The issue is not only about workers' rights, but also nutrition, according to Democratic Independent Workers' Association (DIWA) Party-list representative Emmeline Aglipay-Villar.

"Most of the time, women stop breastfeeding due to the problem of having to return to work," she told The Source. "The reason why our malnutrition rate is very high in the Philippines is because a lot of babies do not meet that requirement of being breastfed for two months."

Under Republic Act 1161 or the Social Security Act of 1997, new mothers are allowed a 60-day leave for normal childbirth and a 78-day leave for a cesarean section. However, this is below the 98-day standard set by the International Labor Organization (ILO).

The bill, which passed initial readings at the Congress and Senate, seeks to grant new mothers more time to recover from childbirth and attend to their newborn. Under it, government workers are entitled a fully paid leave while those in the private sector must be given an average of their monthly salary credit.

It also allows for 30-day unpaid extensions. The bill applies to contractual workers, following rules from Social Security System (SSS) and Government Service Insurance System (GSIS), and adoptive parents, as per the Domestic Adoption Act.

Villar projects that if the Senate passes the bill again, the House will resume its session in November and a vote can be cast after the third reading.

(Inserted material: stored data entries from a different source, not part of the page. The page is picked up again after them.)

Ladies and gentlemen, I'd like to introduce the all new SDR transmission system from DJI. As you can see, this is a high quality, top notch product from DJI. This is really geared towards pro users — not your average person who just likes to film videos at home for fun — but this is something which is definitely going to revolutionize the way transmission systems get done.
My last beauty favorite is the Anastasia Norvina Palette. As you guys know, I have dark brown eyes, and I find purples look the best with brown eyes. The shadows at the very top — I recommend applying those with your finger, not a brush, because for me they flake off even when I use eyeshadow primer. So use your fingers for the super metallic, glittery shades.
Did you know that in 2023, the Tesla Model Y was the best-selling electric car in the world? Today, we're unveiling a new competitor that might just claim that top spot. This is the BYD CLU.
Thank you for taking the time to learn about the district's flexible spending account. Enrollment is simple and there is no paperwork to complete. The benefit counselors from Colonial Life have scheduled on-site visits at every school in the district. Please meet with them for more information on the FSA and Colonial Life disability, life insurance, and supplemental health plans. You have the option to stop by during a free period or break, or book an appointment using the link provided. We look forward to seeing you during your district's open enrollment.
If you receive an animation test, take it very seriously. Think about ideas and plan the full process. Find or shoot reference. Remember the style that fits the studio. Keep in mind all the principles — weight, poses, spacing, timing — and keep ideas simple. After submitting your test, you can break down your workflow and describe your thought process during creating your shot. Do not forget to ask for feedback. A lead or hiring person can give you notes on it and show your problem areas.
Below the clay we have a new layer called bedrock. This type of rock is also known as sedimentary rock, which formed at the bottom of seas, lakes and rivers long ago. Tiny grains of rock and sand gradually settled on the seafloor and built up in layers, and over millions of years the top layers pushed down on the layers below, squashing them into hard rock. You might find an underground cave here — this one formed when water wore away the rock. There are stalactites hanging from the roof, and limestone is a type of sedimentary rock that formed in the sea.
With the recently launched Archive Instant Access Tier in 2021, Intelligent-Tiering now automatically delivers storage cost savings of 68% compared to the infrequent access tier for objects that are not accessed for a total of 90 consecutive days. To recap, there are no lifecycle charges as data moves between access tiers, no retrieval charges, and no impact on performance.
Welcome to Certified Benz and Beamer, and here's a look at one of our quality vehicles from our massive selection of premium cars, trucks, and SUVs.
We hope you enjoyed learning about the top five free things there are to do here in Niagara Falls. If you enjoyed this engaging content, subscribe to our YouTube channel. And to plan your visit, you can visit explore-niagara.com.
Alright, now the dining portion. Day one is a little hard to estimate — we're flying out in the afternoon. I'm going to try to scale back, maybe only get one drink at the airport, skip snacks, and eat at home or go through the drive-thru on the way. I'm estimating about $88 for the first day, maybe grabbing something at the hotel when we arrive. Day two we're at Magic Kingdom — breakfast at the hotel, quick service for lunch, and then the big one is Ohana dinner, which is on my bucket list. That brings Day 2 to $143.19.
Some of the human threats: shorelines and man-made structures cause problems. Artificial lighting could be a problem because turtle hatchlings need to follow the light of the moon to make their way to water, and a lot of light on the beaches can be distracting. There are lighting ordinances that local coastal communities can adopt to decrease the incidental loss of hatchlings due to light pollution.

A similar bill seeking 150 days for maternity leave is in the pipe at the Senate.

Impact on employers

One of the points of criticism against the bill is that it discourages employers from hiring women. "We're trying to make all laws consistent so that women won't be discriminated… if this bill is approved," said Villar, adding that firing employees on the basis of maternity leave was a violation of the Labor Code.

Atty. Rico De Guzman, Chair of the Sub-Committee on Labor at the Management Association of the Philippines, said that he did not think the bill was required by the circumstances.

However, he clarified that managers understand the nutritional aspect of the proposal. "I do not think, though, that this necessarily has to creep in to eight hours of work that the employers pay each and every employee," De Guzman said. "I think we can somehow structure the work of the employees in such a way that female employees can be given the time to breastfeed their babies."

De Guzman worried that a 100-day paid leave may "disrupt productivity and cost of investing," since around half of the Filipino workforce is female. He projected that in the 250 working days of the year, a 100-day leave on top of sick leaves, vacation leaves, and holidays may mean that employees work less than half of the year, which will be a loss to employers. He also mentioned special leaves, like those for solo parents and domestic abuse cases.

However, it was also noted that not all of the female workforce would be affected at the same time. Despite these concerns, the bill did not encounter much opposition in its initial readings.

Villar said that it was important to balance the interests of employers and workers, but the international standard has been set. "The ILO already laid down its requirement of 98 days, and this is already a subject of long study in terms of promoting health of workers," she said. "So as much as the government would like to retain [status quo], I think that the policy should be taking care of our workers more and abiding [by the standard]."

Villar is also pushing for a paternity leave that will last 30 days.